### RECORDS
..........

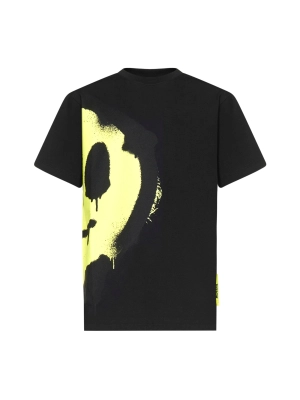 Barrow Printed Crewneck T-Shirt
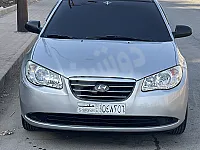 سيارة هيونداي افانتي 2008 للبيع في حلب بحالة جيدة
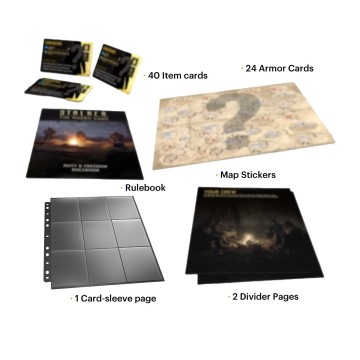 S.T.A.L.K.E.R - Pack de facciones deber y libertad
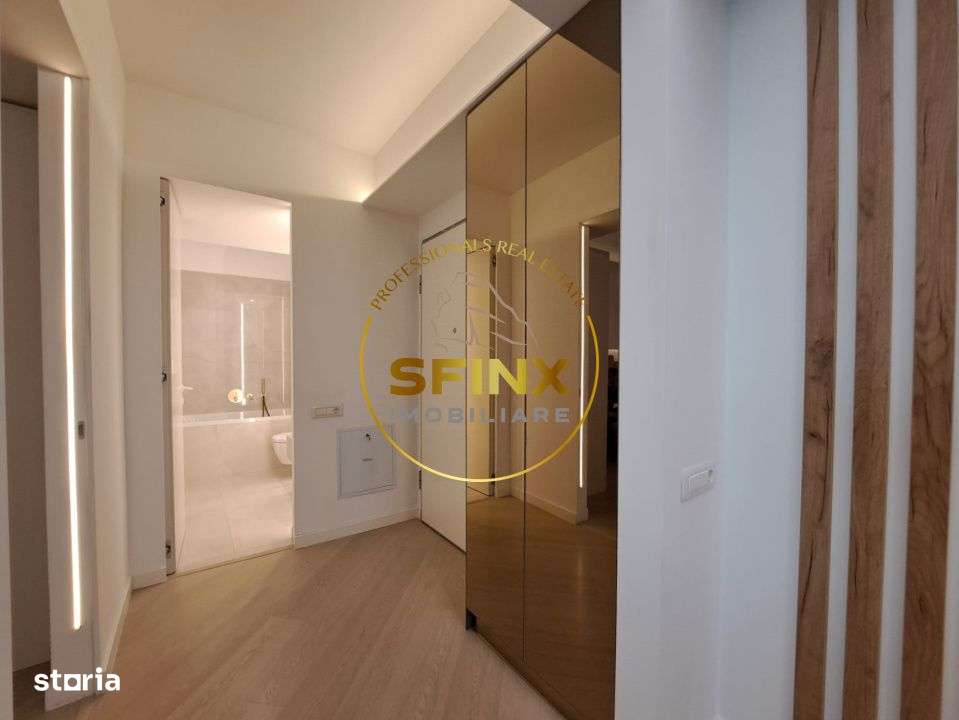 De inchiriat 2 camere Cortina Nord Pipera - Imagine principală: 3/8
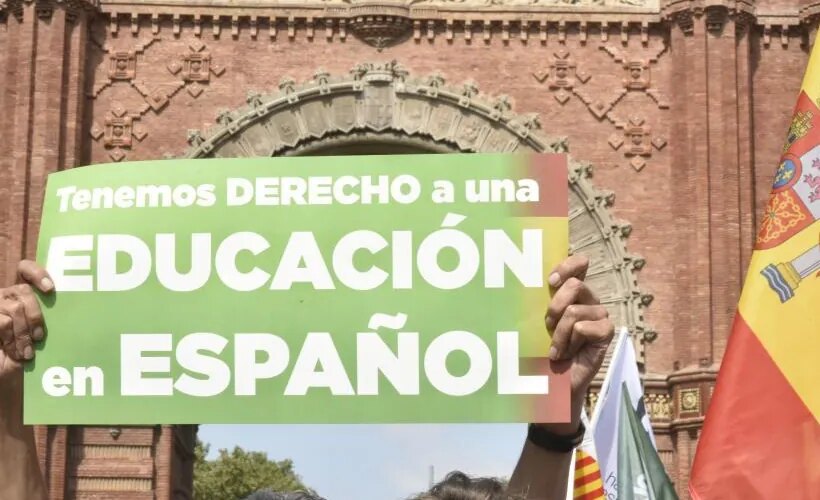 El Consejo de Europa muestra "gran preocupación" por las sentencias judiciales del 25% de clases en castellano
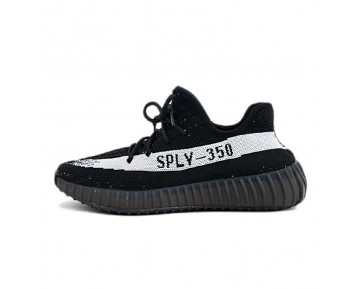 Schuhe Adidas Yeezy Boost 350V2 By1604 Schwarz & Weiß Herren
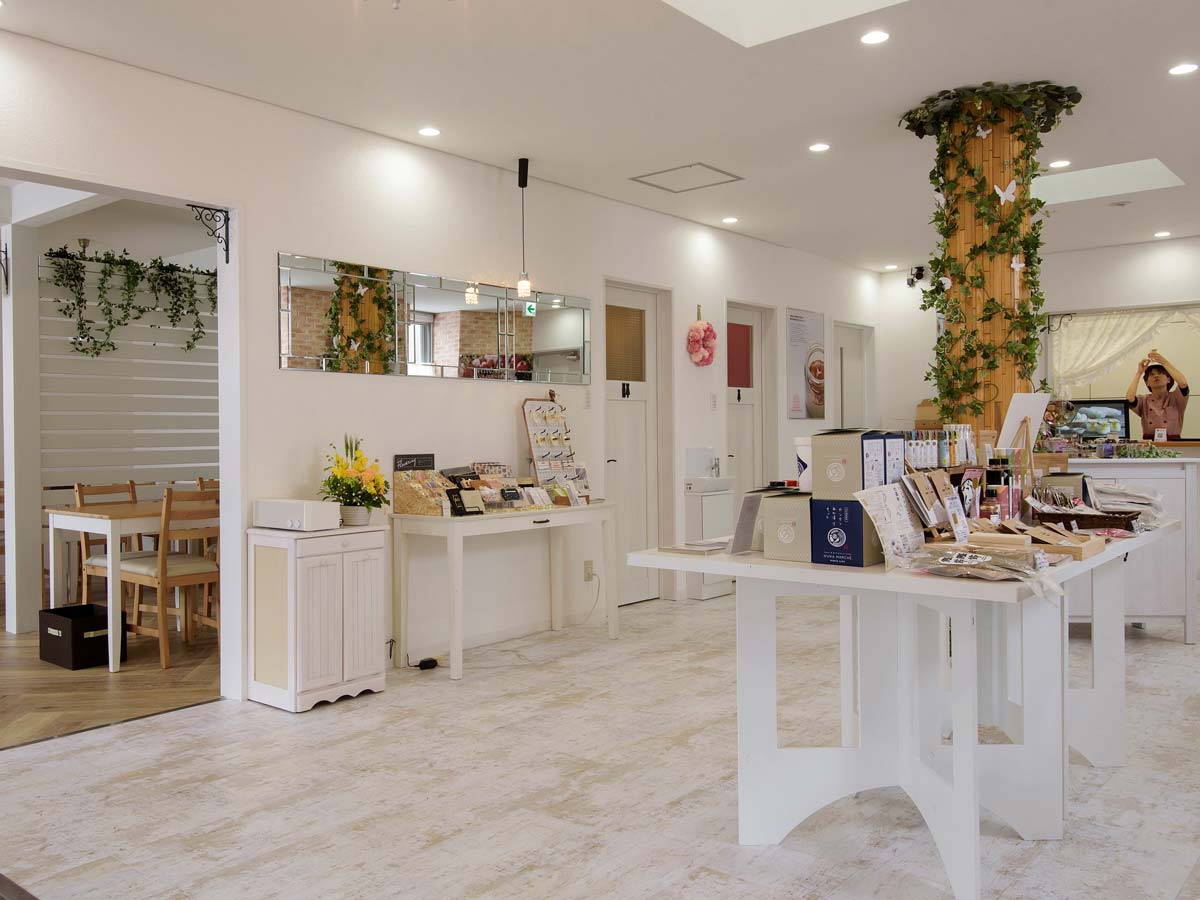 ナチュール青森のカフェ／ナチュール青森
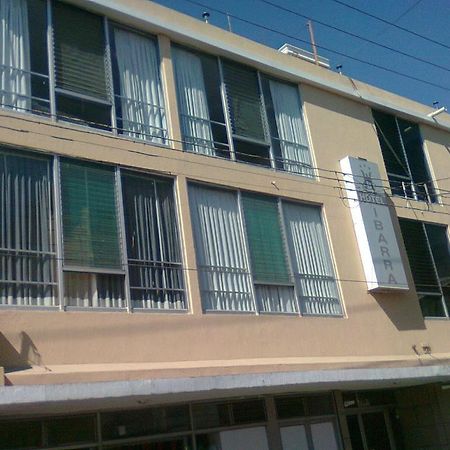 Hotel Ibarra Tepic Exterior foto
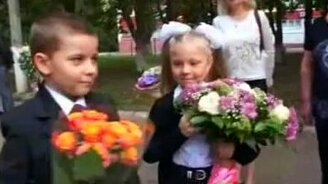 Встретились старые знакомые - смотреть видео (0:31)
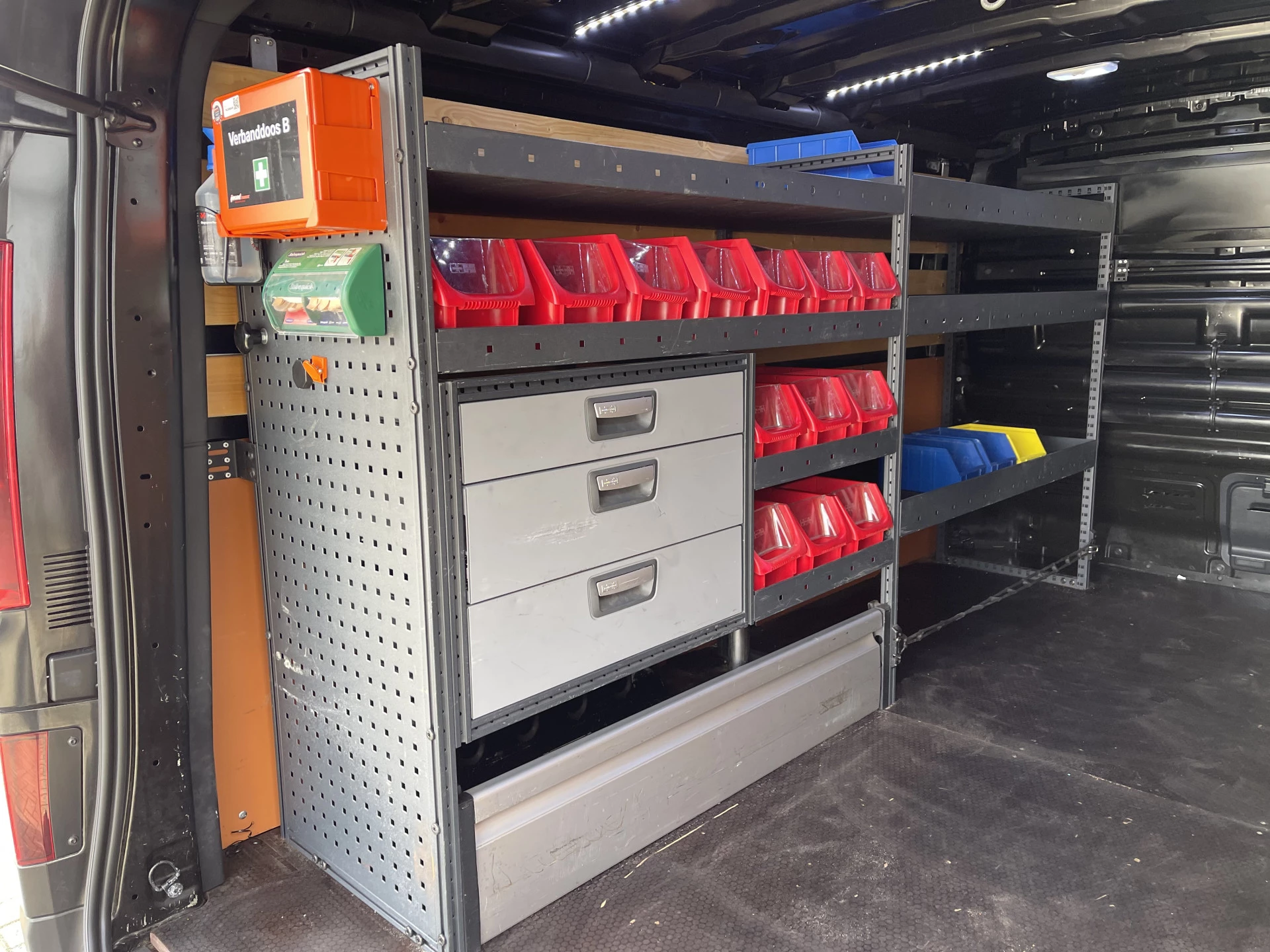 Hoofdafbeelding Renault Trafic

..........

### PROBLEM DETAILS
Every entry, word for word: repeat it, but skip the images.

### RESPONSE TO THIS TASK
 Barrow Printed Crewneck T-Shirt
 سيارة هيونداي افانتي 2008 للبيع في حلب بحالة جيدة
 S.T.A.L.K.E.R - Pack de facciones deber y libertad
 De inchiriat 2 camere Cortina Nord Pipera - Imagine principală: 3/8
 El Consejo de Europa muestra "gran preocupación" por las sentencias judiciales del 25% de clases en castellano
 Schuhe Adidas Yeezy Boost 350V2 By1604 Schwarz & Weiß Herren
 ナチュール青森のカフェ／ナチュール青森
 Hotel Ibarra Tepic Exterior foto
 Встретились старые знакомые - смотреть видео (0:31)
 Hoofdafbeelding Renault Trafic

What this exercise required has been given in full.